Downloads
24020.zip

Hide confidential information by suppressing measure values within a dimension

Editor's Note: Joining Russ Whitney as coauthor this month is Paul Goldy (pgoldy@proclarity.com), senior consultant with ProClarity. Paul plans and implements OLAP solutions with SQL Server 2000 Analysis Services.

Most OLAP implementations exist to provide summarized information for decision makers. When decision makers discover summarized information in the dimension's upper layers that leads to further questions, they can drill down into more detailed information. The added detail can help the decision makers determine what business factors contributed to the summarized values. However, in some OLAP implementations you must limit the detailed information that a business analyst can see either for confidentiality or for legal reasons. For example, in a corporate financial analysis, you might need to make detailed expense information available to the decision-making managers of your company, but you don't want all individual salaries available because of their confidential nature. Or secondary-education administrators might use students' standardized test scores to analyze the effectiveness of certain schools, teachers, and curricula, but because of certain laws governing confidentiality, the administrators can't view individual students' test scores. Analysis of a local criminal-justice system might provide local crime statistics to the media, but you'd need to avoid revealing detailed data about individual judges, prosecutors, and defendants.

This kind of data-hiding problem occurs frequently, so we wanted to show you the process we used to create one real-life solution. We created this analysis solution for a data brokerage that collects and sells point-of-sale retail data. Retail outlets such as Best Buy, CompUSA, and Wal-Mart track scanned data and sell the data to product manufacturers such as Hewlett-Packard (HP), Lexmark International, and Canon. The manufacturers analyze the scanned data and use the analysis to optimize their marketing and sales strategies.

If competing manufacturers will likely view the data, you need to hide certain data to prevent unfair competition between manufacturers. A manufacturer can see trends or summarized information about a competitor but not the exact pricing and volume of specific brands within individual retail chains. To help enforce this concept, data brokers implement data-suppression rules that indicate which detailed information in the OLAP system needs to be suppressed. For example, if a brand-name beer from the FoodMart 2000 Sales cube (e.g., Good, Pearl, Portsmouth) sells in two or fewer Store Names (in the Store dimension), the broker's data-suppression rules specify that the brand's measure values must be suppressed. The suppressed value doesn't disappear but falls into the ALL OTHER BRAND member.

Another requirement of this suppression rule is that individual store names from the Store Name level of the Store dimension can't be visible to the analyst. Yet, the analyst still has to check against the members of that level to count the number of retailers reporting information for the brand. So selecting the exact data to suppress can be a complex task.

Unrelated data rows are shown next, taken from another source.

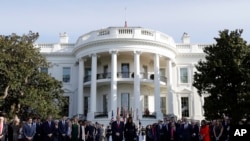 美国总统川普与第一夫人梅拉尼亚· 川普在白宫南草坪为16年前的911恐袭事件死难者举行默哀。(2017年9月11日)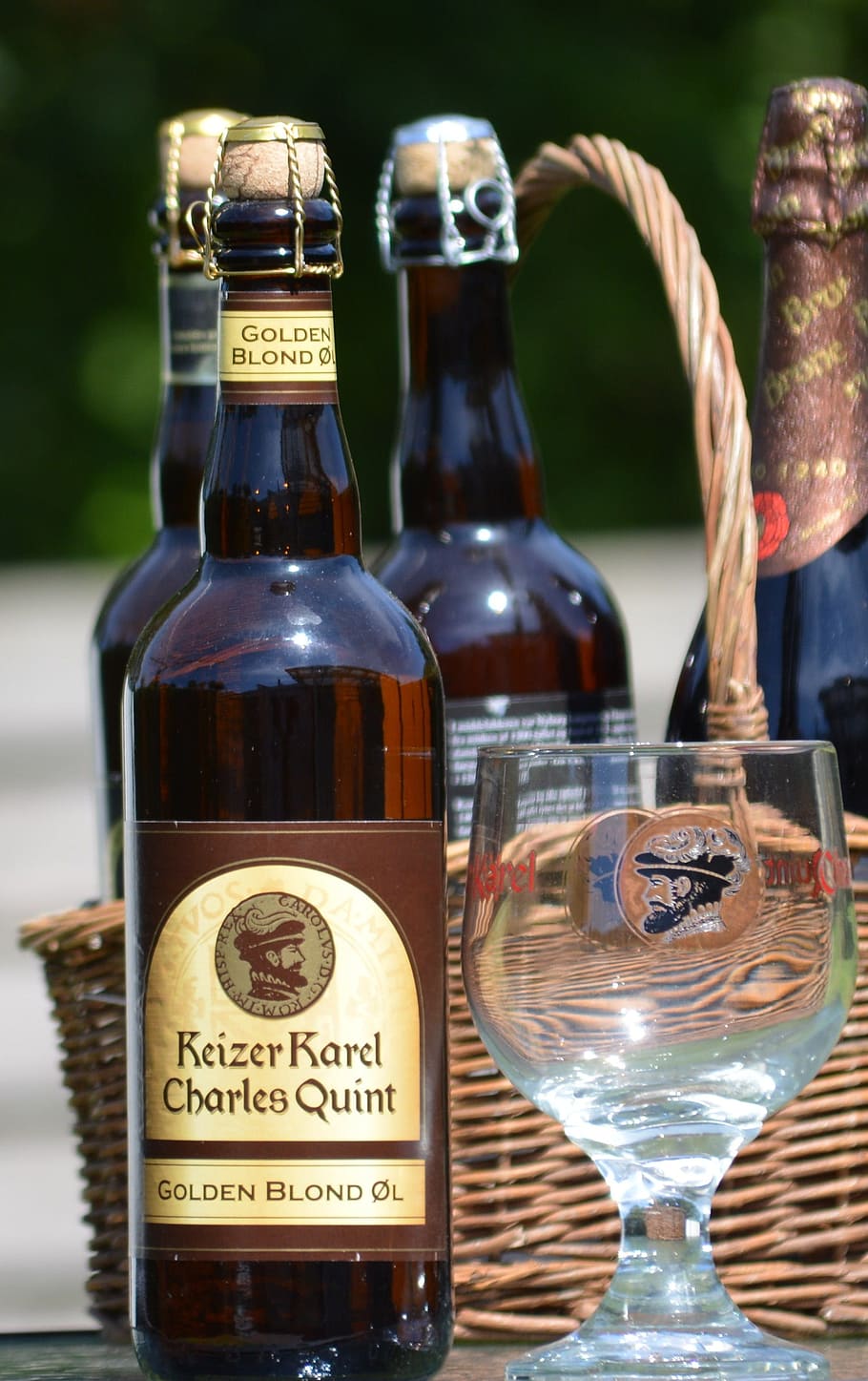 Bier, Getränk, Flasche, Container, Erfrischung, Text, Glas - Material, Essen und Trinken, Fokus auf den Vordergrund, westliche Schrift, Alkohol, keine Leute, transparent, Nahansicht, Wein, Weinflasche, Stillleben, Tabelle, Kommunikation, Etikette, Holz - Material, Glas, 2K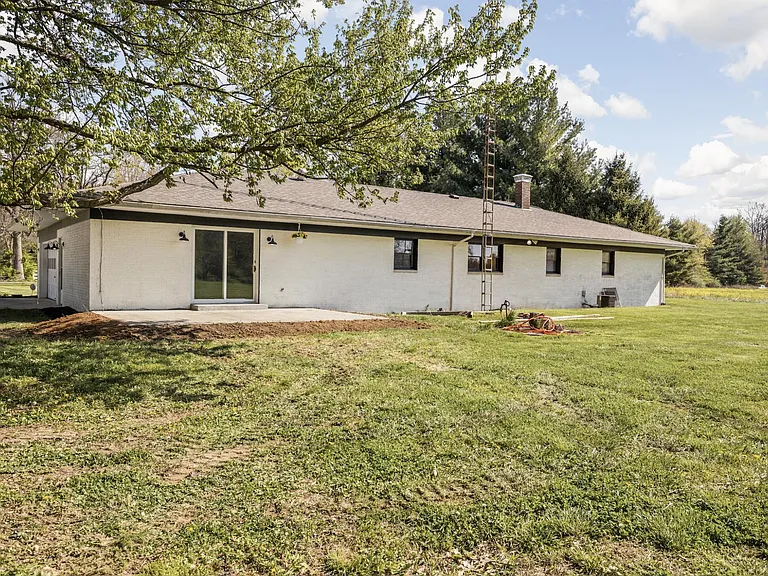 5051 E Moyer Dr — Photo 5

Figure 1 and Figure 2 show what the results look like for queries that don't use suppression compared with queries that do use suppression, respectively. Figure 1 shows the Unit Sales of beer brands for some cities in Washington and the store names within those cities. Figure 1 also shows the member ALL OTHER BRAND, which is unpopulated because you're seeing Unit Sales as it typically comes out of the Sales cube. Contrast this level of detail with the level of detail in Figure 2. The query that generates Figure 2's results is nearly the same, but no store names are available for the cities, and using the measure Suppressed Unit Sales enforces the suppression rule that requires that a brand be reported in two or more stores within each city. Thus, in Figure 2, the ALL OTHER BRAND member is populated and the brand name values are empty. The results show only one store in each city (because each city actually has only one store), so all the Unit Sales values fall into the ALL OTHER BRAND member.

We could best illustrate this problem by showing a typical cube from a data broker. However, these cubes aren't publicly available. So, we modified a copy of the FoodMart 2000 Sales cube to show how the suppression rule is implemented. First, we made a copy of the Store dimension, renamed it Hidden Store, and set the Dimension Visible property to false. Second, we made the Store Name level of the Store dimension non-visible by setting the Level Visible property to false. Third, we added an ALL OTHER BRAND record to the product and product_class tables in the FoodMart 2000 Access database, as Figure 3 shows. (Note that the product and product_class tables are related by the product_class_id column.) After we made all our changes, we rebuilt the Product dimension and reprocessed the Sales cube.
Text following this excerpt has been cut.